The exact etiology of DAA is as yet unknown. However, it can be rarely associated with 22q11.2 deletion even in the absence of intra-cardiac disease.

Development of double aortic arch is easily understood by Edward’s theoretical model in which various anomalies in aortic arch explained by the pattern of breaks at different levels.  Abnormal persistence or regression of various segments leads to several types of malformations. Double aortic arch forms when both the right and the left fourth branchial arches persist, each one to be seen on either side of trachea.⁴ The common carotid and subclavian artery arises from the ipsilateral arches on both sides. This arrangement encircles the trachea and esophagus completely and is the most common cause of complete vascular ring (5). Most of cases (approximately 80%) have a right dominant system, with a left aortic arch that is more frequently patent, but it can also be hypoplastic or atretic (6). Given that the descending aorta is usually opposite the dominant arch, a large right aortic arch, left-sided descending aorta and left sided ligamentum arteriosus is the most common presentation.(7)

Cardiac anomalies are less common in a double aortic arch than in other aortic arch anomalies and it is isolated anomaly in about (83.3%) cases.  Approximately 16.6% of double aortic arch cases are associated with other congenital heart anomalies, mainly ventricular septal defects and double outlet right ventricles.8 Extracardiac malformations have rarely been mentioned in association with double aortic arch.
There seems to be a low association with 22q11 micro deletion in the absence of other structural heart anomalies, given that most cases affected by this chromosomal abnormality have congenital cardiac or extracardiac defects. Among patients with a double aortic arch, those with an atretic minor arch had a significantly higher rate of deletion than those with a patent minor arch, but there was no difference between patients with left and right dominance of the double arch.⁹

The risk of recurrence is mostly related to the recurrence of associated chromosomal and deletion abnormalities.

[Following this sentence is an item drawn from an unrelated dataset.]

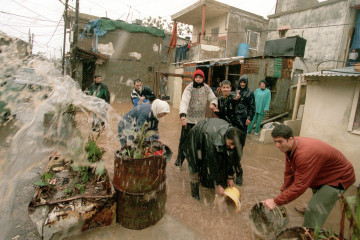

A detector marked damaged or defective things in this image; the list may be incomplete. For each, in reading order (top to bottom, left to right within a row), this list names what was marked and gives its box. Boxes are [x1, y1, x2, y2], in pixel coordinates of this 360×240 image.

Recent ISOUG guidelines (2022) recommend addition of the 3-vessel and trachea view in the routine mid trimester ultrasound scan. The diagnosis of double aortic arch is made in a transverse view of the fetal thorax at the level of the 3-vessel and trachea view when there are two aortic arches that form a complete vascular ring encircling the trachea.  In double aortic arch the ascending aorta bifurcates at the level of trachea to have one arch to the right and one to the left (in the Greek letter “lambda” configuration) which is better demonstrated on color Doppler.¹⁰ The carotid and subclavian arteries arise separately from each ipsilateral arch and the descending aorta inconsistently tends to appear deviated to one side or another, usually to the side of the obvious ductus arteriosus. For this very reason, the branching pattern of the arches helps in the differential diagnosis, as this kind of branching has not been described for a right aortic arch, either with an aberrant left subclavian artery or mirror branching. Hence adding an axial view of the upper mediastinum is highly recommend (subclavian artery view) to the 3-vessel and trachea view, which would allow us to recognize part of the branching pattern of the aortic arch. When a subclavian artery with a retrotracheal course (aberrant) is observed, we are able to rule out the diagnosis of a double aortic arch with certainty.¹¹
There is a high percentage of double aortic arch cases in which one of the arches is atretic, commonly the left one, and it is located in a more caudal position than the other. This can hamper visualization of all the vessels at the same time, causing difficulties for the differential diagnosis between a double aortic arch and a right aortic arch. Once double arch anomaly is diagnosed, a comprehensive ultrasound scan, including fetal echocardiography, detailed fetal structural scan and evaluation of the thymic size is suggested to assess associated other cardiac and extra cardiac abnormalities and provide clues to the presence or absence of a 22q11.2 microdeletion.¹²
STIC technology helps to assess the fetal heart in a four-dimensional (4D) cineloop sequence with slow-motion imaging, without fetal movements and allow other observers to review the data offline. Collectively it helps for the better assessment of aortic arch anomalies.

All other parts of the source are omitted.